Navigation Graph

Graph Architecture and Data Flows#

When navigating in MapillaryJS, either by clicking on the map or on a navigation arrow in the viewer, the library gets a photo key to act upon. From the photo key we retrieve the data related to that key, like latitude, longitude and other properties, and create a node. The node is added to the graph.

With the node in the graph we have three tasks - showing the photo, the spatial arrows and the sequence arrows. These tasks are done in three different flows. These flows are shown in the diagram below. The green text indicates that a potential data request is done. Whenever the data needed is already cached, no request is made and the data is retrieved directly from the cache instead.

In the left-hand flow we retrieve the photo and the mesh used for 3D transitions. When both of these have been retrieved, the photo is shown in the viewer. This flow is independent of the other flows and their load times and therefore fast.

In the right-hand flow we retrieve the sequence data, determine the sequence edges and enable the sequence arrows accordingly.

The middle flow is a bit more involved and will be explained in more detail below. In short, we first retrieve tiles. Tiles are rectangular areas at different positions and sizes, distributed in a grid structure on the world map. We use S2 cells with a size of about 75 x 75 meters in MapillaryJS. Each tile contains photos distributed according to their GPS positions. After retrieving the tiles, spatial data for adjacent nodes is retrieved. Based on this, together with the sequence data from the right-hand flow, we compute spatial edges - the underlying data for displaying the respective spatial arrows that are shown in the viewer.

MapillaryJS 2.0 navigation graph architecture

Architecture of the MapillaryJS 2.0 navigation graph

The rest of this page focuses on the flow in the middle and how we determine the spatial edges.

Determining the Spatial Edges#

The spatial edges flow starts with determining which tiles are needed for a certain node. Because the node has a GPS position, we know which tile it belongs to and can act accordingly. Also, because we run Structure from Motion, we can make use of the improved computed GPS positions to make later calculations more accurate.

We retrieve tiles containing only basic node information like photo key, latitude and longitude to keep the amount of data low. For that reason we have to retrieve the spatial node data needed to determine good candidates for spatial edges at a later point in time.
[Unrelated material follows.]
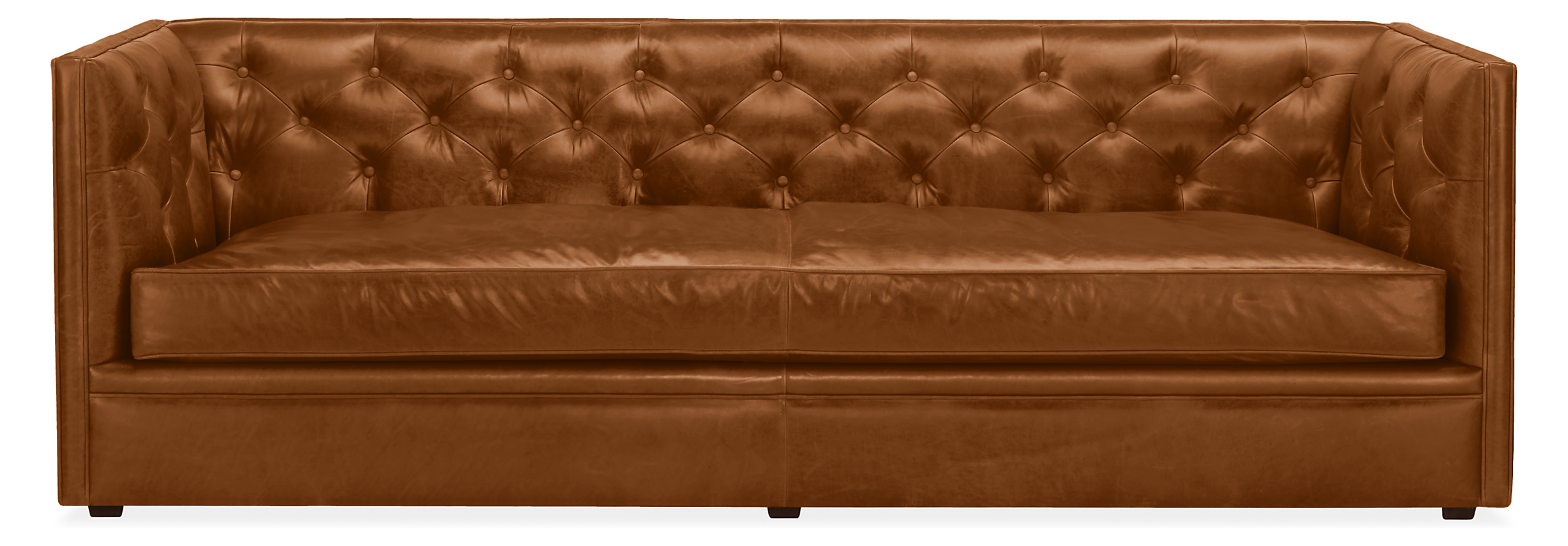 Macalester Leather Sofas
We want to ensure that all the surrounding data that is needed for computing the edges in all directions is retrieved before doing any calculations. A bounding box with a side of 40 meters (dashed green square in the figure below) gives us every other node within at least 20 meters in all directions. When our node (the green dot in the figure) is in the middle of a tile (the black square) it is straightforward because all the other nodes in the bounding box will belong to the same tile and only that tile needs to be retrieved.

Node and bounding box within a tile

Our node of interest with its bounding box within a tile

When the node position is close to the boundary of the tile, a little more work is required. The bounding box will overlap multiple tiles (as seen in the next figure) and all of them need to be retrieved to ensure that all other nodes within the bounding box are available when computing the spatial edges.

Bounding box overlapping multiple tiles

A bounding box that overlaps multiple tiles

Let's continue with the multiple tile example. When all the tiles have been retrieved, the other nodes within the bounding box (represented in the figure by the yellow dots) can be determined. For those nodes the spatial data required besides the geographic coordinates is retrieved. Mind that nodes are usually not uniformly distributed in the tiles but more densely populated along roads (e.g. let's imagine that our example shows a large park).

Adjacent nodes within the bounding box

Adjacent nodes within the bounding box

Now that all the spatial data for the nodes in the bounding box has been retrieved, we can calculate the spatial edges and notify the render process to ensure that spatial arrows are shown. In this case we see four blue nodes that qualify as targets of edges from our source node. These nodes need to satisfy a number of constraints based on relative viewing direction, moving direction, and distance, among other things, to qualify as edge targets in a certain direction.

Adjacent nodes qualifying as edge targets

Adjacent nodes that qualify as edge targets in certain directions

Once the edges for our green source node have been determined, we also retrieve the data for the blue target nodes and determine their edges in the same way in a pre-caching algorithm to ensure that there is no or minimal loading time when navigating.

Summary#

The graph architecture was implemented to decrease load times by focusing on showing the photo as fast as possible, and independently creating the navigation arrows while loading less data.